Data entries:
◆ ◆ ◆ ◆ ◆

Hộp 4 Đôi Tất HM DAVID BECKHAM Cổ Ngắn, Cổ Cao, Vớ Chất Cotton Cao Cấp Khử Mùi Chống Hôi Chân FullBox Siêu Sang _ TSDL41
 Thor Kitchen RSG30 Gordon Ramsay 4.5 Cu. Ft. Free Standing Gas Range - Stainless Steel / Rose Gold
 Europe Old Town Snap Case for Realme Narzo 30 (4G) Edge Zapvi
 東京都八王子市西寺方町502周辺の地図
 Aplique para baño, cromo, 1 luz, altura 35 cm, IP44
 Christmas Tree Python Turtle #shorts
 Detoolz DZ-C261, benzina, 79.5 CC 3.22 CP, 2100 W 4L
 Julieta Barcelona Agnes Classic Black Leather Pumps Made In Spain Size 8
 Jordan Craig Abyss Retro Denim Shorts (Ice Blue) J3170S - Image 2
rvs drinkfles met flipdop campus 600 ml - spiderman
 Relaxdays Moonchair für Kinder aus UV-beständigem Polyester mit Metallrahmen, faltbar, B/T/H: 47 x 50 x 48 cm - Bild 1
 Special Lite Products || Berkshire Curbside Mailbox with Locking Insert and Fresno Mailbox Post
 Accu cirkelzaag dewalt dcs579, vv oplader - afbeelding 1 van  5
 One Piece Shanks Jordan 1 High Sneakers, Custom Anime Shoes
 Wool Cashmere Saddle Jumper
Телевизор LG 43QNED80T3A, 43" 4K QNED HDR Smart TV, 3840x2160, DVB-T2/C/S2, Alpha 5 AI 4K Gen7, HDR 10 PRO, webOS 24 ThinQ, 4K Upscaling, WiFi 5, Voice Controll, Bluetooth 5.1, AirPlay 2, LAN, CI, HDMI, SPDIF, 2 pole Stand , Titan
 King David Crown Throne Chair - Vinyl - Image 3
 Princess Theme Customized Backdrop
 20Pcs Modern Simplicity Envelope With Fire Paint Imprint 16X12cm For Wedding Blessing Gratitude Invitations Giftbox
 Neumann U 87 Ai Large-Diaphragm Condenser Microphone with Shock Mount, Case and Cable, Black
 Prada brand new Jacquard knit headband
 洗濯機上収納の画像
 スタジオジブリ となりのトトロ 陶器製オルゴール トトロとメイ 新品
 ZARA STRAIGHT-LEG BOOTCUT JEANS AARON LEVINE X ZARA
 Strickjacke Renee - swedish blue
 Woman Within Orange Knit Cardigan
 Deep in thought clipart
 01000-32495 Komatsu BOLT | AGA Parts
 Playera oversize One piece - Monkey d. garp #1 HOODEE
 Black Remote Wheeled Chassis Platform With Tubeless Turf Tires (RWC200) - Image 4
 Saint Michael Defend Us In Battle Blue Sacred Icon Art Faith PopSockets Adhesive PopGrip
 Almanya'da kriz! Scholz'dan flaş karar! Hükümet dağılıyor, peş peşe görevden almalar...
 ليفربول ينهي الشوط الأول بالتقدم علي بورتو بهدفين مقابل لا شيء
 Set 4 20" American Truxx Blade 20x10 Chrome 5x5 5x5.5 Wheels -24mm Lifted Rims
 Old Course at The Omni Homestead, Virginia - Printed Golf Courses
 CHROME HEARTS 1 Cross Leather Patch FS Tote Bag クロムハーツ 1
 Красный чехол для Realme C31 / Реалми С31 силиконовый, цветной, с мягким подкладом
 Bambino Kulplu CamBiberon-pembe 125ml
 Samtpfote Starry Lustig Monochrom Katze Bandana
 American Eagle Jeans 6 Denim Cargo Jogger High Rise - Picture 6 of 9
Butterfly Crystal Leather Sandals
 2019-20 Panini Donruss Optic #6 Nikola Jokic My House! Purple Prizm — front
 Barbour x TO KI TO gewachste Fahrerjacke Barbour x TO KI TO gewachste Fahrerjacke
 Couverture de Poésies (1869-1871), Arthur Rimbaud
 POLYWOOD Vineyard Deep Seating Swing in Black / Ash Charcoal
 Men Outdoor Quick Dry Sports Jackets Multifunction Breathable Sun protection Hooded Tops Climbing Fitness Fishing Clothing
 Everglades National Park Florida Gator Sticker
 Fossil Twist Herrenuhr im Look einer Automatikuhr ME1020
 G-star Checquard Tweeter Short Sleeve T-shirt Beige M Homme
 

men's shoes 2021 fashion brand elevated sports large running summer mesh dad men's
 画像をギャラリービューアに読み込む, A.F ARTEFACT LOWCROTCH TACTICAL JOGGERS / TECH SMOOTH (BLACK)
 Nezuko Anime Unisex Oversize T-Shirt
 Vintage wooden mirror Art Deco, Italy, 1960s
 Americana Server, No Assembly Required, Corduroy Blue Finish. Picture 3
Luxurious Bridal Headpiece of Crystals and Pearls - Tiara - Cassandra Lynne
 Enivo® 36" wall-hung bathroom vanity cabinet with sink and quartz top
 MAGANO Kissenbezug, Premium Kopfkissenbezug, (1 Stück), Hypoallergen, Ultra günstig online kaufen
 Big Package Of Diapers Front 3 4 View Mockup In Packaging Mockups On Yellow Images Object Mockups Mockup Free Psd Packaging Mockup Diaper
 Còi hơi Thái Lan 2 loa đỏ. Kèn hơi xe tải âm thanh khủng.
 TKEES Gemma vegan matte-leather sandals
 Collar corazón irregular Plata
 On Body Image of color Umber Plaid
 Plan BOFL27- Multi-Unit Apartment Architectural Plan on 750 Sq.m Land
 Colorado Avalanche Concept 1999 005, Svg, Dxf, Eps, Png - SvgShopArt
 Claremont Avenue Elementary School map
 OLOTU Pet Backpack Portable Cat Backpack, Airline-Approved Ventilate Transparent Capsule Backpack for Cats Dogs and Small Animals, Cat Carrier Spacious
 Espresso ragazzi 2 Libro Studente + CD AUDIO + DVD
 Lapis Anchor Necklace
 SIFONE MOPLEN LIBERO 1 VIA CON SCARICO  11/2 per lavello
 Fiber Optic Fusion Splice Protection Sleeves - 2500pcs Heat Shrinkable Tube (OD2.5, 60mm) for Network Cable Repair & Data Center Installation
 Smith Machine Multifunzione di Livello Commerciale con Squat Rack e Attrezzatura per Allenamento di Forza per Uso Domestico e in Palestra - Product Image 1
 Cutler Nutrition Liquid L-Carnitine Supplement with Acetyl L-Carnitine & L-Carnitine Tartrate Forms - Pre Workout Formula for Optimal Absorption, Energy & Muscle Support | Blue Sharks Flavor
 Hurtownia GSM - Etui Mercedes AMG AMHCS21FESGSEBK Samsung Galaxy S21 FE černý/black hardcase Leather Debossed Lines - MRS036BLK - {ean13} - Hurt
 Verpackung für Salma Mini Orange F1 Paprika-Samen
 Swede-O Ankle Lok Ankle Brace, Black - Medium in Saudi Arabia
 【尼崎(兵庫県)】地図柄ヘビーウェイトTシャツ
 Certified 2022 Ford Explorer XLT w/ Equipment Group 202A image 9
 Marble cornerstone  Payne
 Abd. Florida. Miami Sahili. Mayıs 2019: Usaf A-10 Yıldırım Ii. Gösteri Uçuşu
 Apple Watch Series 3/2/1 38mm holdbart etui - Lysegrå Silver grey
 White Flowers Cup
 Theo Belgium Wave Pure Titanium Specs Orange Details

◆ ◆ ◆ ◆ ◆

AIM OF THE TASK: For the records above, state the number of lines that include the string "Florida" and add nothing.

OUTPUT BELOW: 2